Write out again, unchanged, the line that has "NK5JC04080 GIANNI LO" and each following line through the end of the entries below; leave pictures out.

(Crawled caption data)

==========

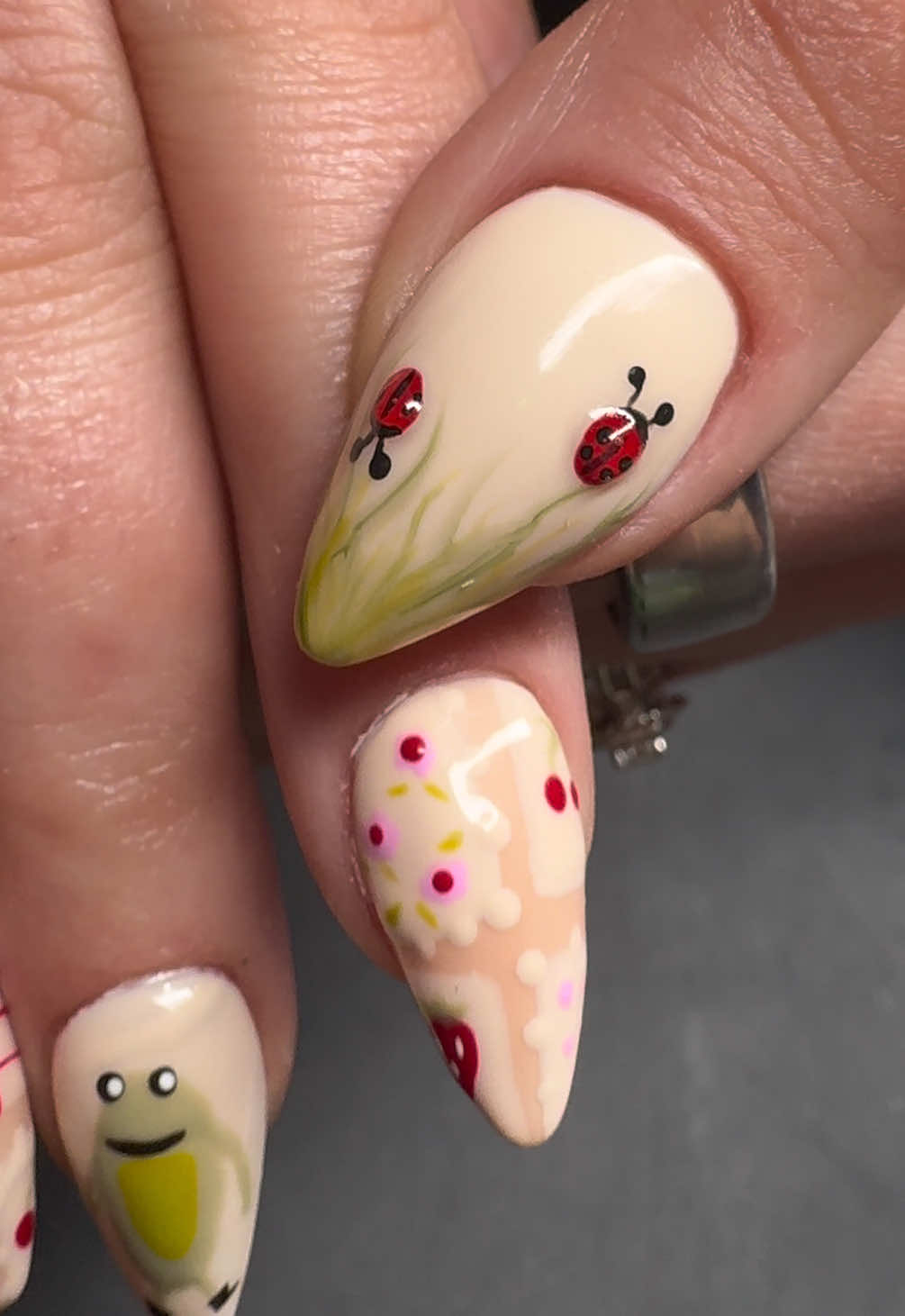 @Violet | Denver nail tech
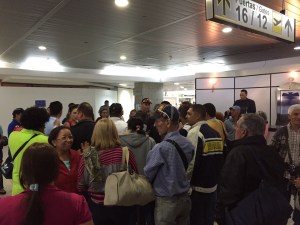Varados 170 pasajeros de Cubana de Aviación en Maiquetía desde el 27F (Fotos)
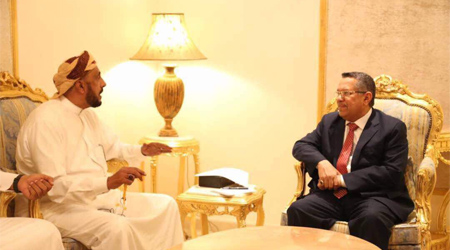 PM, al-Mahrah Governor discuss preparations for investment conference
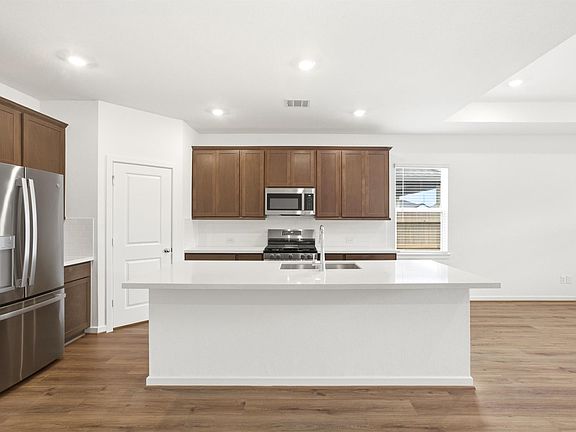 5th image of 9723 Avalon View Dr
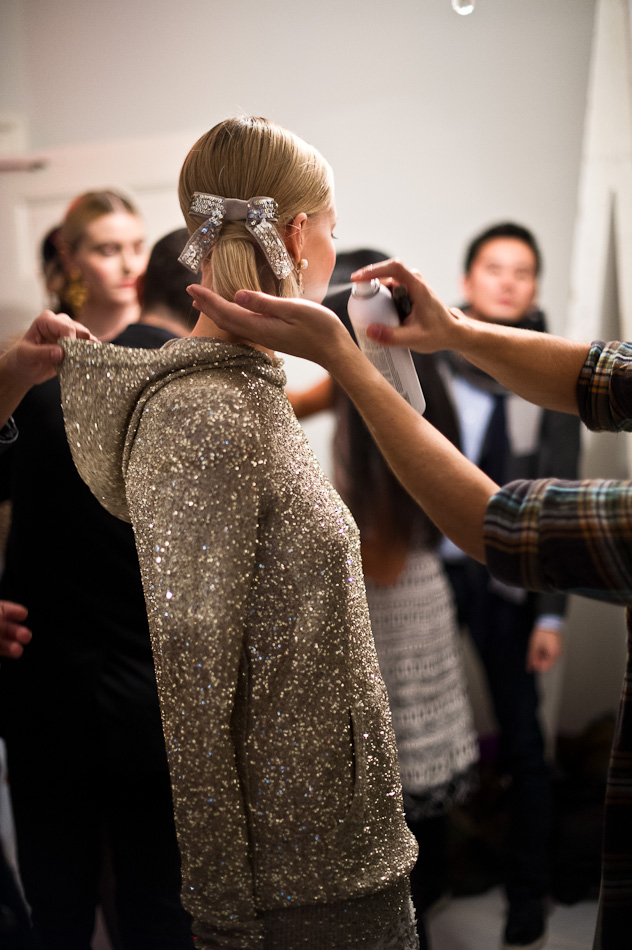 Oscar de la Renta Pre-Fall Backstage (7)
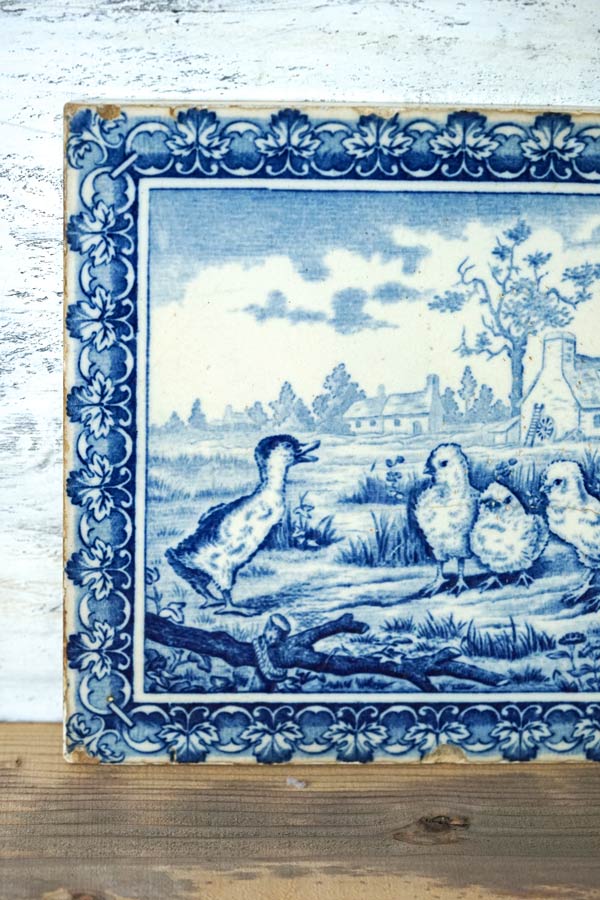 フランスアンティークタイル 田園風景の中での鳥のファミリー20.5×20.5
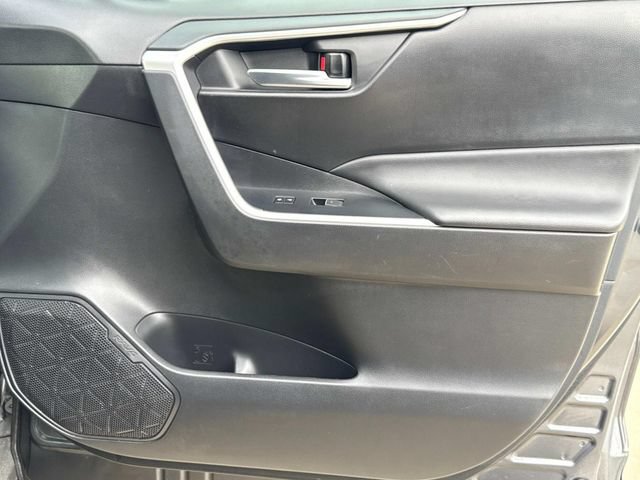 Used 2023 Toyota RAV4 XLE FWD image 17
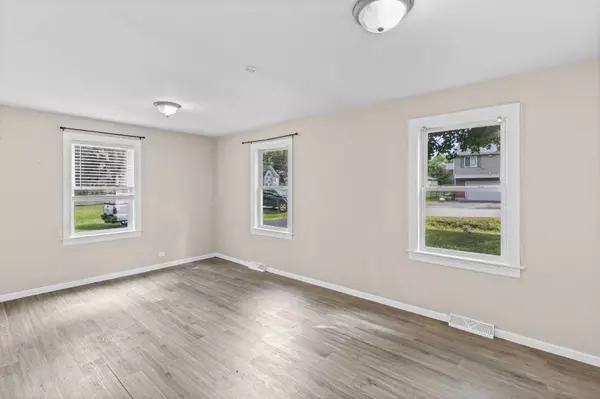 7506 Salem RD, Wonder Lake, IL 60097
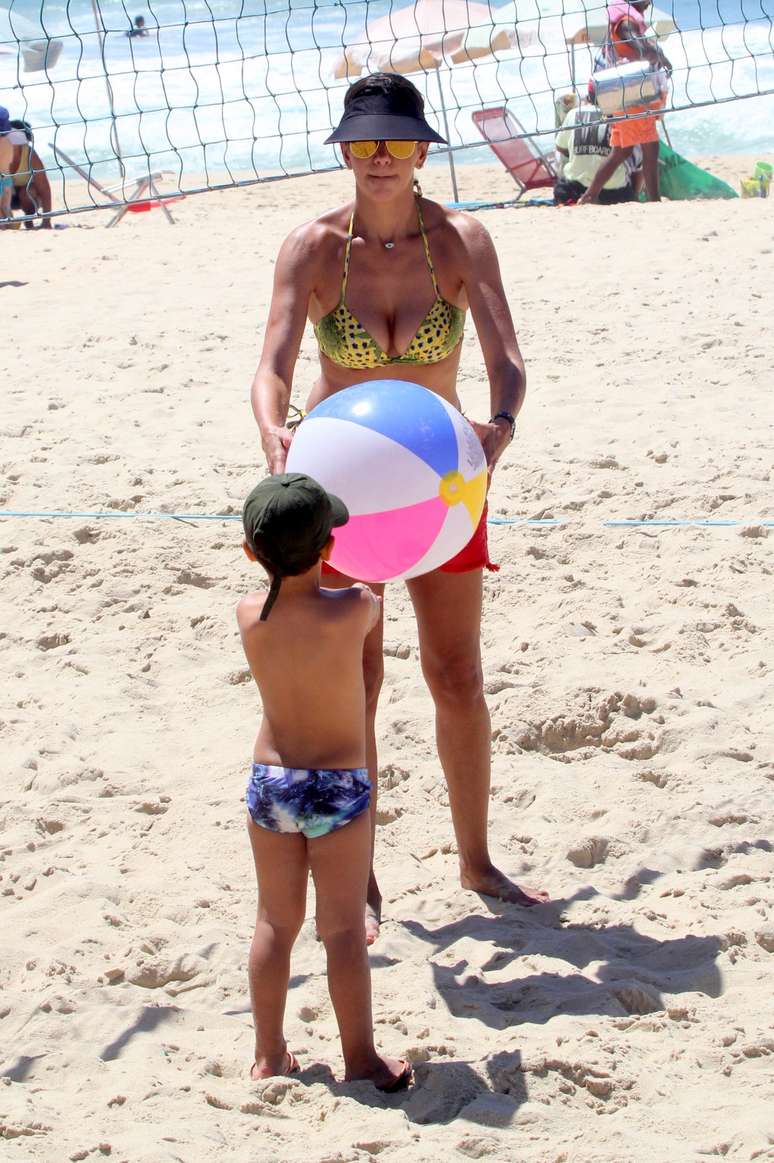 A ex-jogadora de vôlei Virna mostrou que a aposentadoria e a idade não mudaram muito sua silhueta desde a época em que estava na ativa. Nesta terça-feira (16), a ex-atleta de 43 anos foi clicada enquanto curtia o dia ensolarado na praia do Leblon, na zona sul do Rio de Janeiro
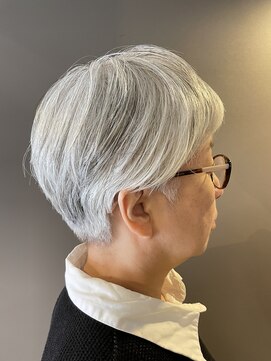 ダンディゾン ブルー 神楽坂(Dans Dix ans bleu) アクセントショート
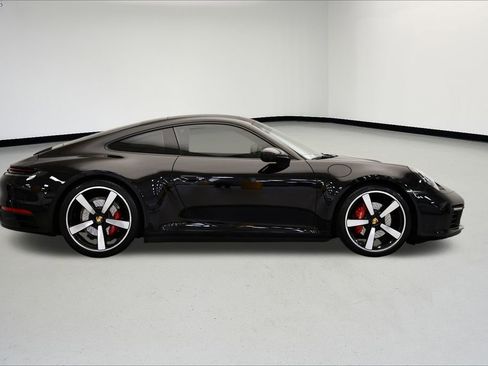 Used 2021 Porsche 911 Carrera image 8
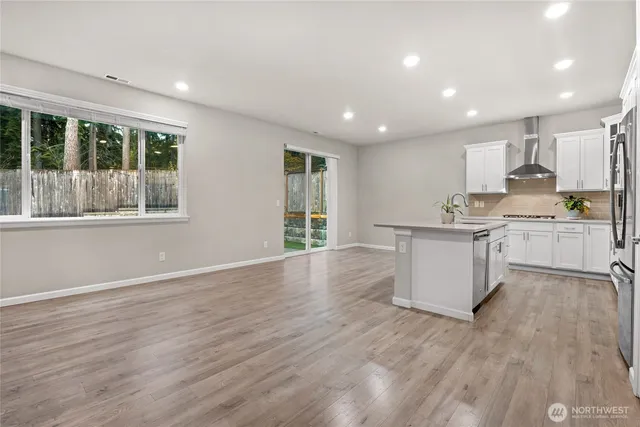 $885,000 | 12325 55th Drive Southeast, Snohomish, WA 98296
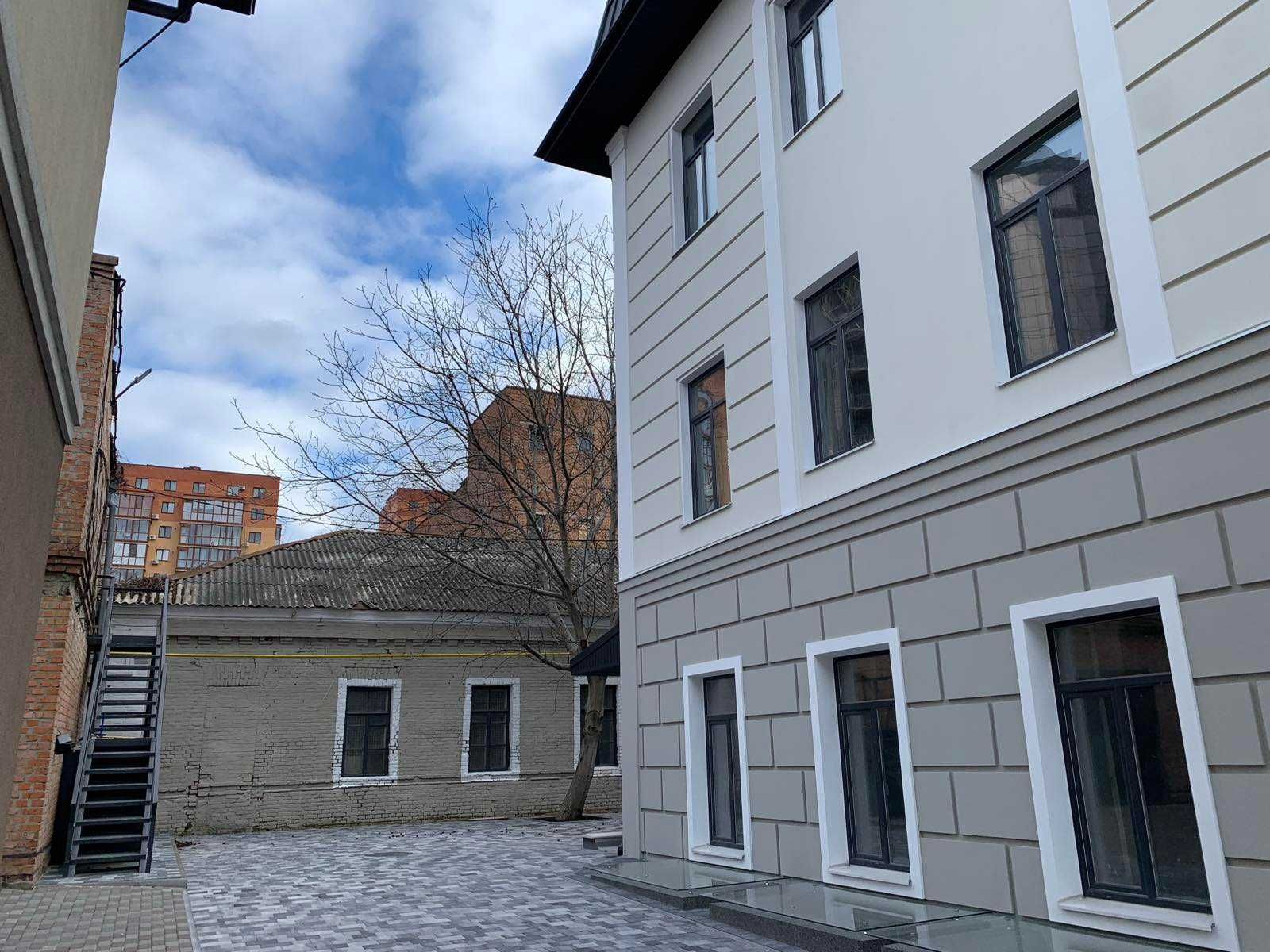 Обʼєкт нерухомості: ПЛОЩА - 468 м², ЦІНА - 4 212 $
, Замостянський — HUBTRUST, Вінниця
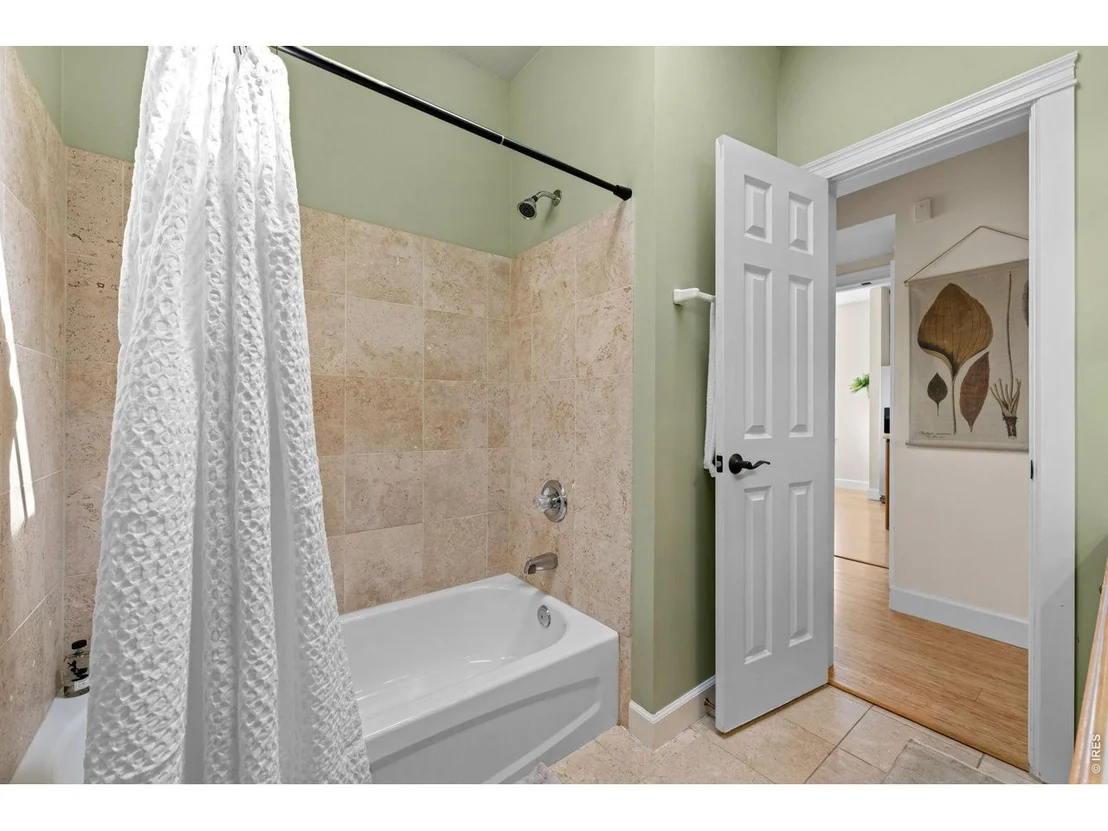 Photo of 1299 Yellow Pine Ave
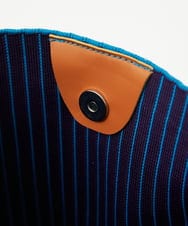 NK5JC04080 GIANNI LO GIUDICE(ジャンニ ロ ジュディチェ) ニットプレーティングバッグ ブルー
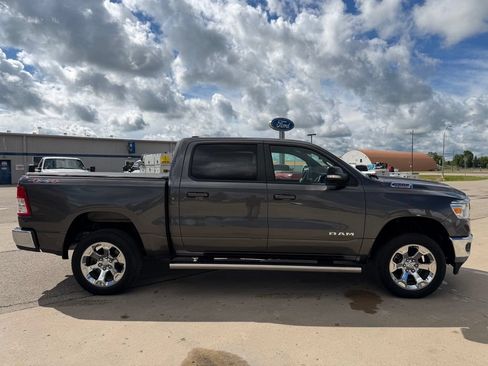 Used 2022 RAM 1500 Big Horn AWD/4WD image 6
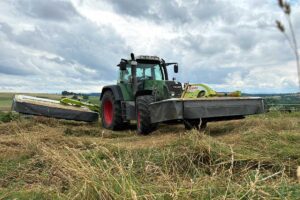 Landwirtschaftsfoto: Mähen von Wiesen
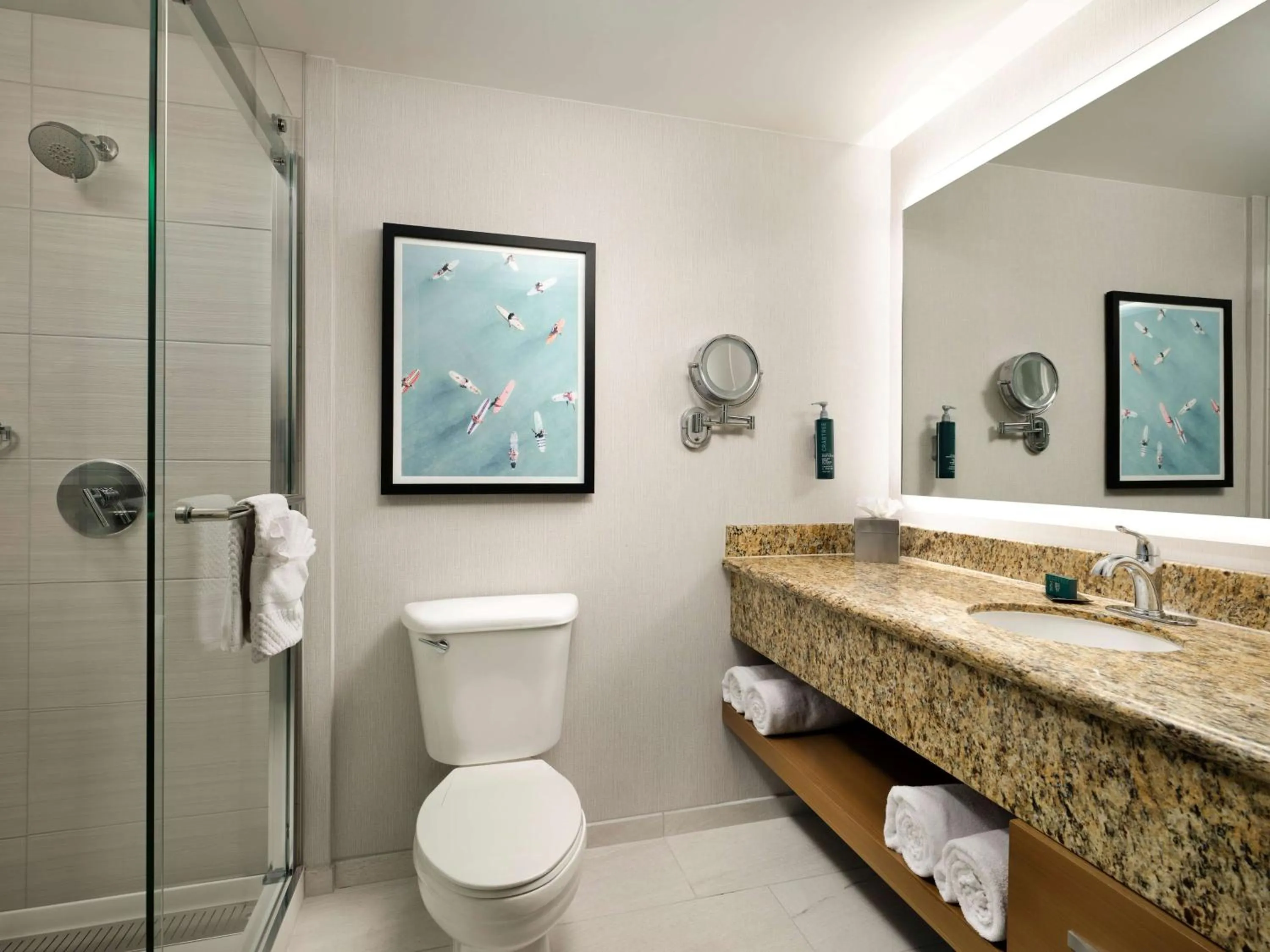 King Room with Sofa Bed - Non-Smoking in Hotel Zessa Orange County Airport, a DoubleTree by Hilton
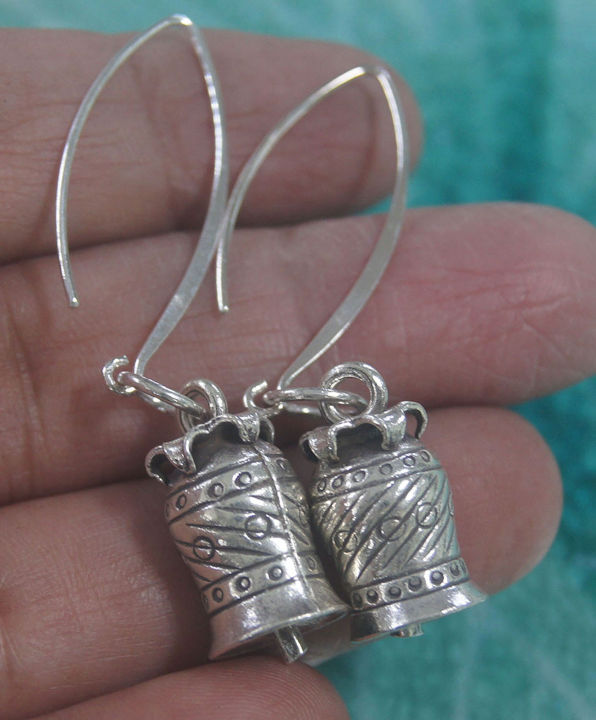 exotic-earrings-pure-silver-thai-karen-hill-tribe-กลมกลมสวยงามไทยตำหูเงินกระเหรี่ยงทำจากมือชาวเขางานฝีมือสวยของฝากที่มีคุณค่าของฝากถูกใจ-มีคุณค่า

==========

§ **Output for this task**
 NK5JC04080 GIANNI LO GIUDICE(ジャンニ ロ ジュディチェ) ニットプレーティングバッグ ブルー
 Used 2022 RAM 1500 Big Horn AWD/4WD image 6
 Landwirtschaftsfoto: Mähen von Wiesen
 King Room with Sofa Bed - Non-Smoking in Hotel Zessa Orange County Airport, a DoubleTree by Hilton
 exotic-earrings-pure-silver-thai-karen-hill-tribe-กลมกลมสวยงามไทยตำหูเงินกระเหรี่ยงทำจากมือชาวเขางานฝีมือสวยของฝากที่มีคุณค่าของฝากถูกใจ-มีคุณค่า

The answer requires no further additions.